Without any pictures, print the lines below from the one that has "Lake Time Graphic Tee" through the one that has "Sloten sluitingen koffer", exactly and nothing else.

_Records provided_
+ + +
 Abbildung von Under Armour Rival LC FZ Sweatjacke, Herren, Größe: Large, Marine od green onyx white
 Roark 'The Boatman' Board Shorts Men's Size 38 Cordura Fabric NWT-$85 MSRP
+ + +
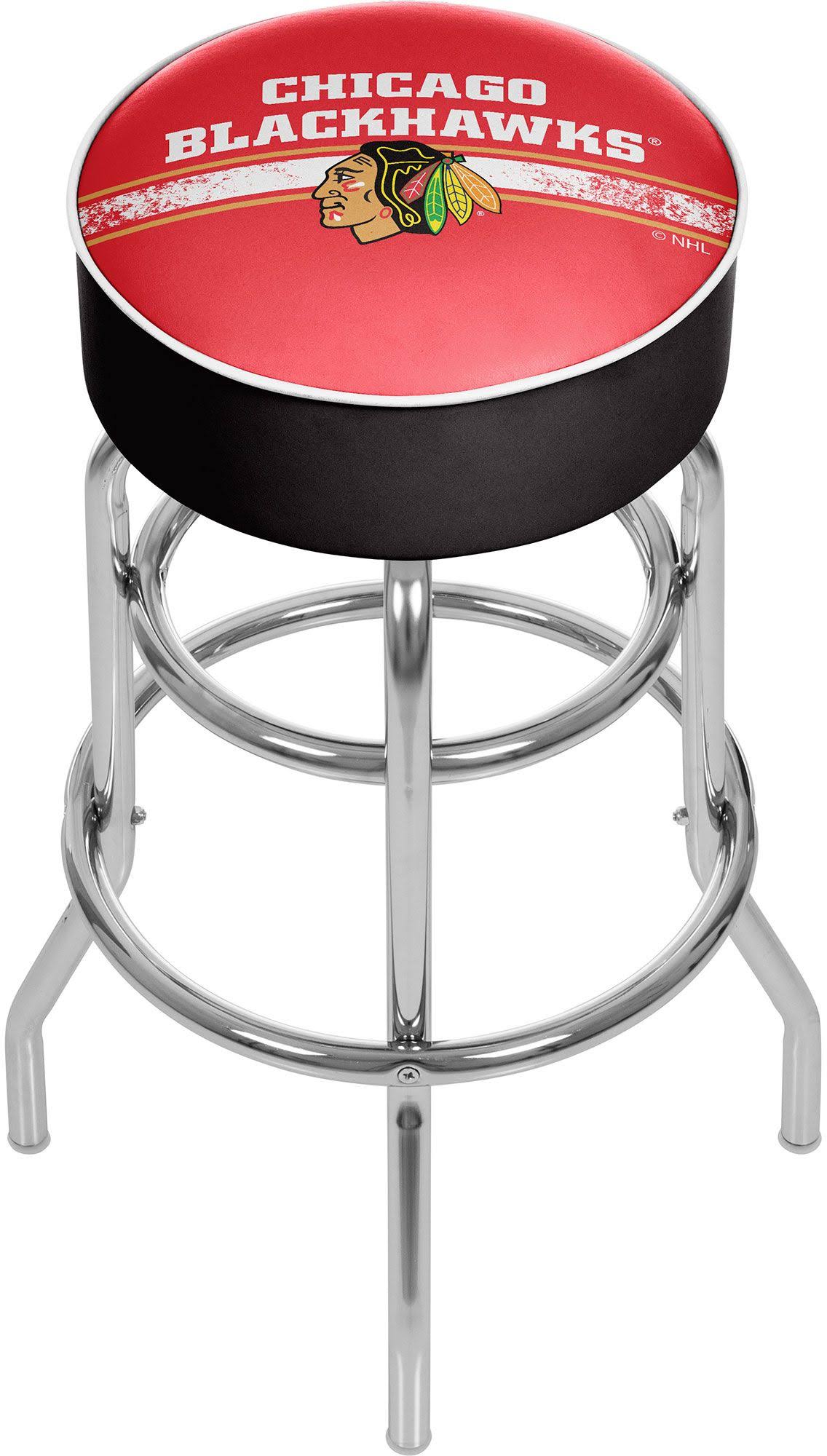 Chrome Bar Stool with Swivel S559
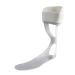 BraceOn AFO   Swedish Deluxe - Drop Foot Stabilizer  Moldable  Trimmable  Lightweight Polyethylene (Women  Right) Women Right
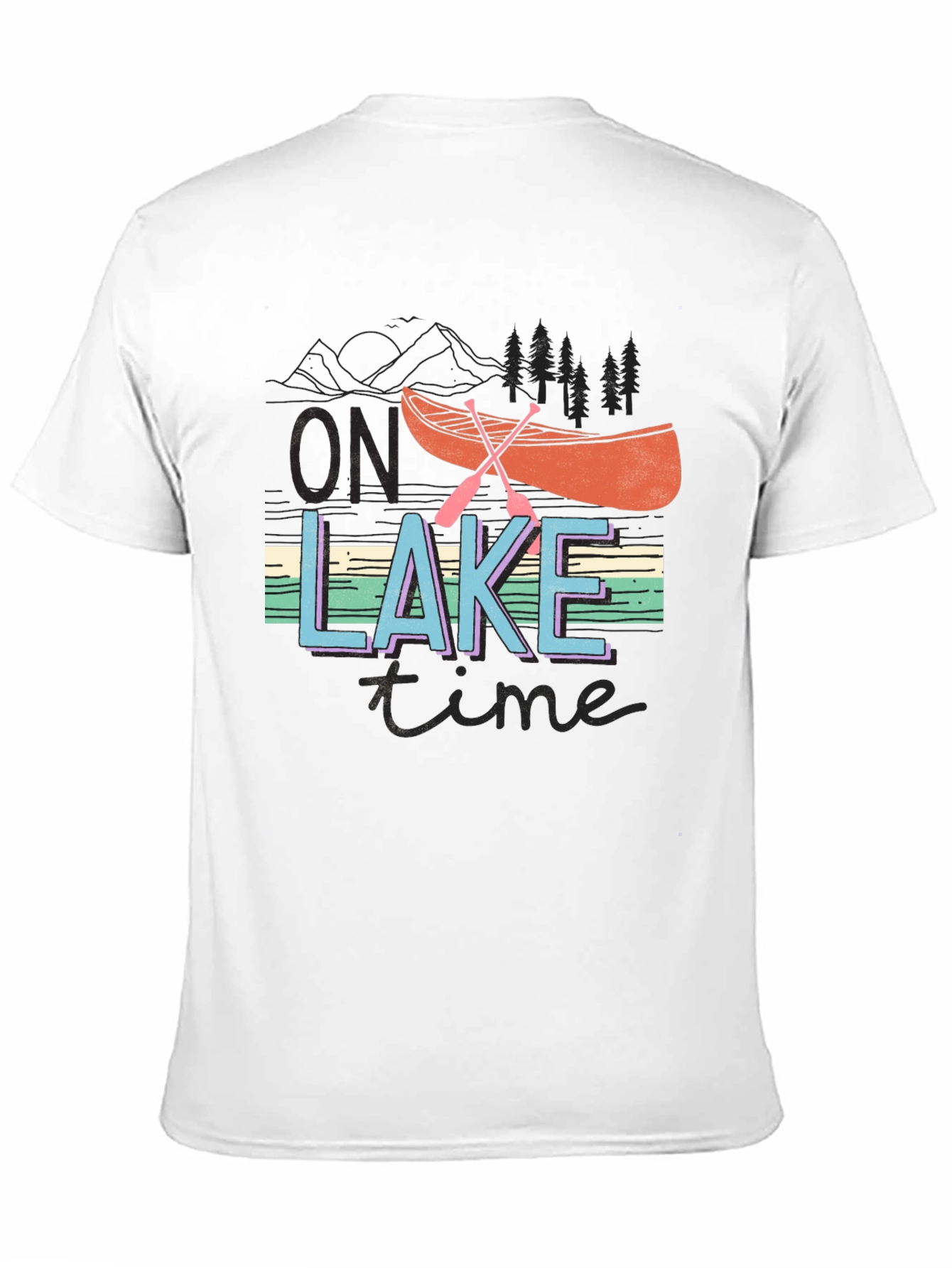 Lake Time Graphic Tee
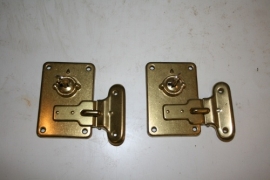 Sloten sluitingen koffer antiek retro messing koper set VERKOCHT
+ + +
_Response to the exercise_
 Lake Time Graphic Tee
 Sloten sluitingen koffer antiek retro messing koper set VERKOCHT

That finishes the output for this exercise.